*Task description*
What is needed is an exact copy of every line from the one with "To solve this" to the end of the entries below, without the pictures.

Dataset entries:
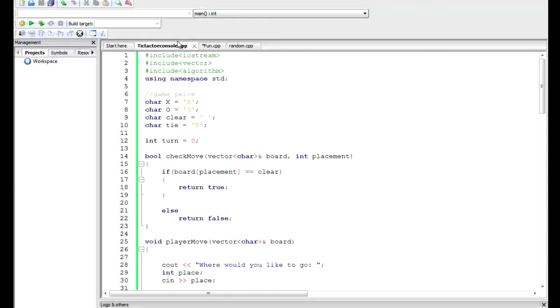Coming in at number 5 is C++. C++ is a general-purpose, object-oriented programming language based on the earlier C language. Developed at Bell Labs, C++ was first released in 1983.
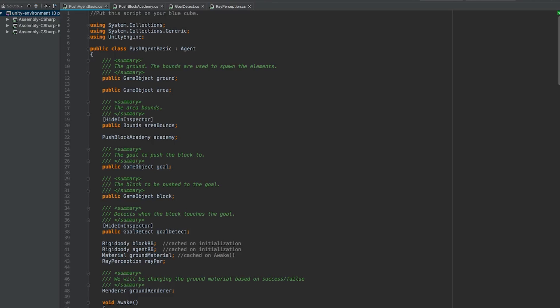All right, so let's have a look at the code. We'll start with PushAgentBasic. This is our agent script. We can see that it inherits from the agent parent class, which is going to give us access to a couple of different useful functions and methods that we're going to be using.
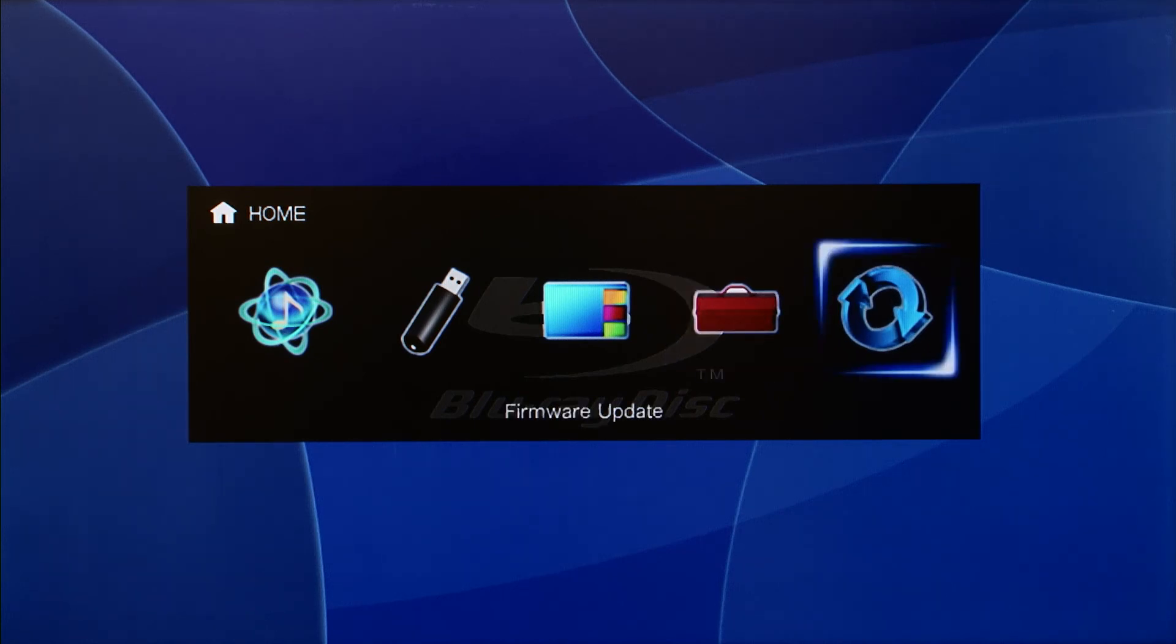When the Firmware Update icon is selected, you can check for firmware update information through the network.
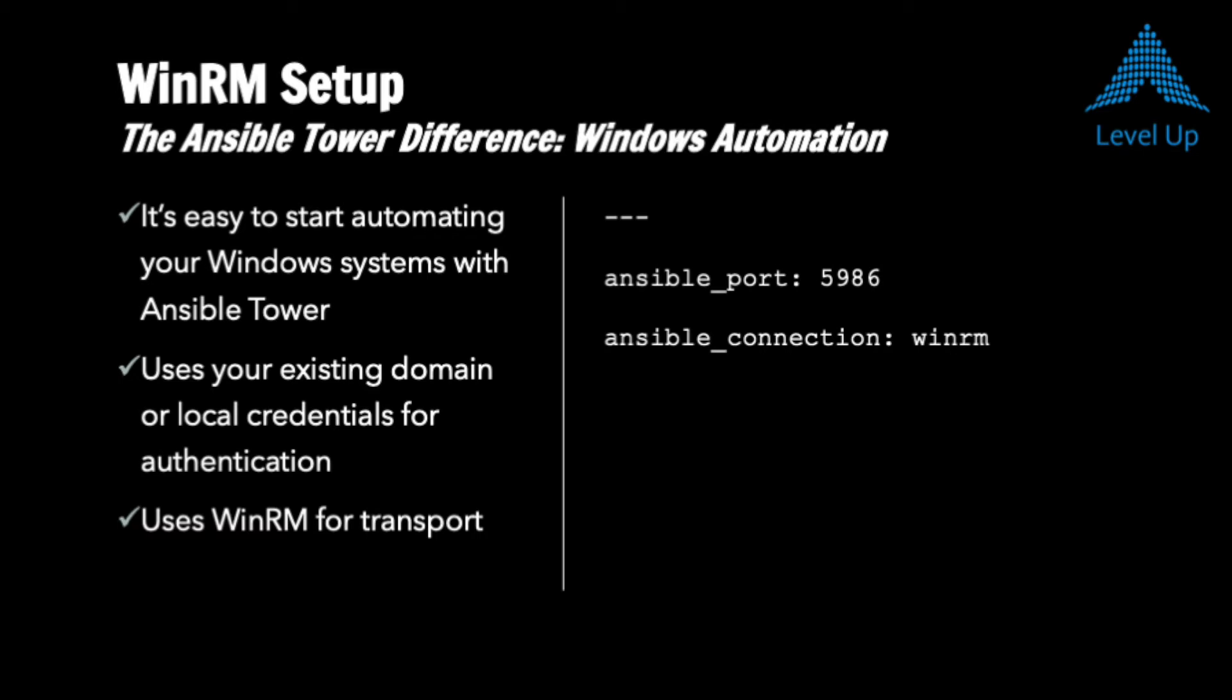Welcome back. In this video, we'll be showing you just how easy it is to configure a Windows system to be managed by Ansible Tower, primarily because it's able to leverage your existing credentials and the WinRM transport. I'll be walking through the few steps that we have to do on a Windows system to make it ready for Ansible Tower.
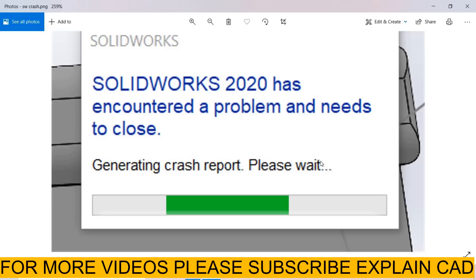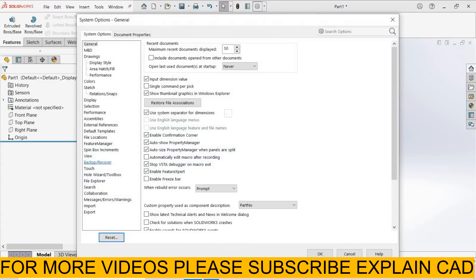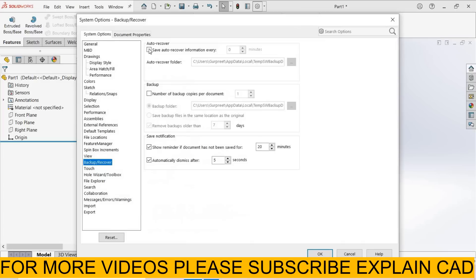To solve this problem, we have to select SOLIDWORKS from here, select Options, and here is the option Backup and Recover — select it, then select Auto Recover.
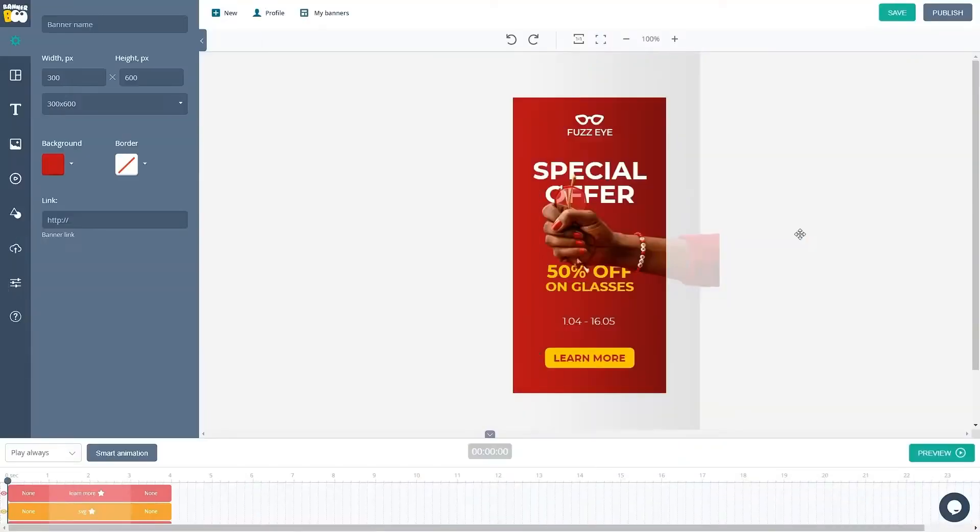Hey guys! In today's tutorial, we will explore Bannerboost's Smart Animation feature.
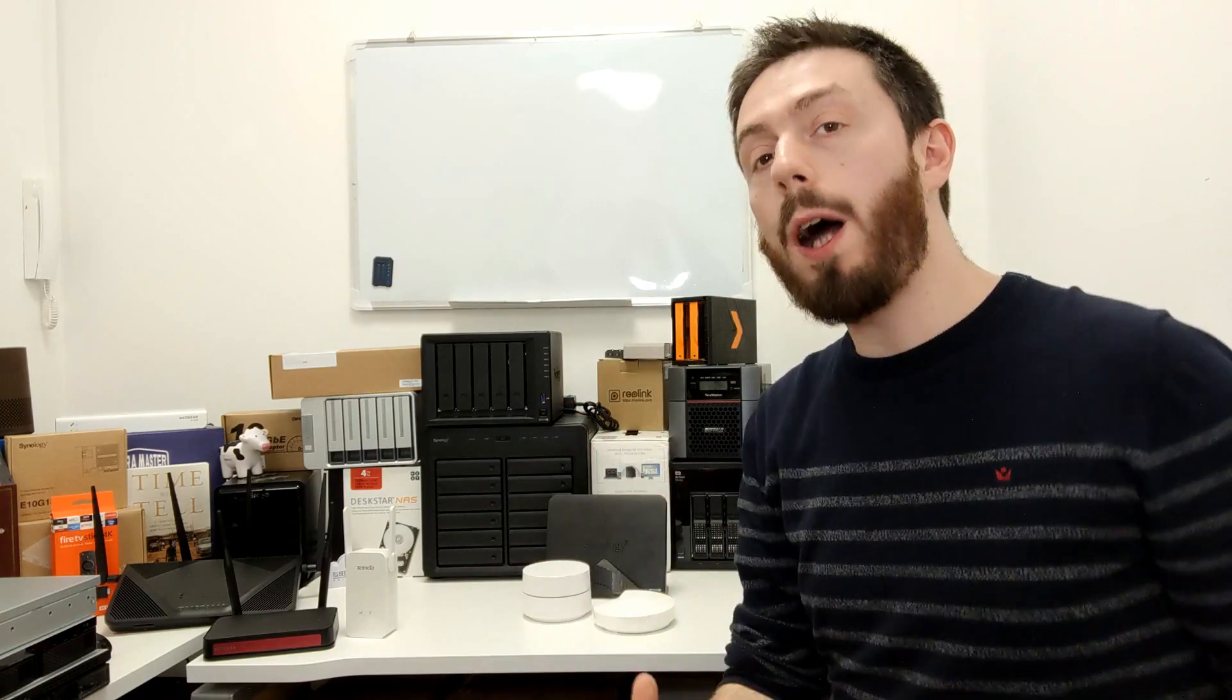Hello and welcome back. Today I want to talk again about mesh routers. I know, I know, but stay with me—it's important. Today I want to talk about why mesh routers are so important.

*Worked solution*
To solve this problem, we have to select SOLIDWORKS from here, select Options, and here is the option Backup and Recover — select it, then select Auto Recover.
Hey guys! In today's tutorial, we will explore Bannerboost's Smart Animation feature.
Hello and welcome back. Today I want to talk again about mesh routers. I know, I know, but stay with me—it's important. Today I want to talk about why mesh routers are so important.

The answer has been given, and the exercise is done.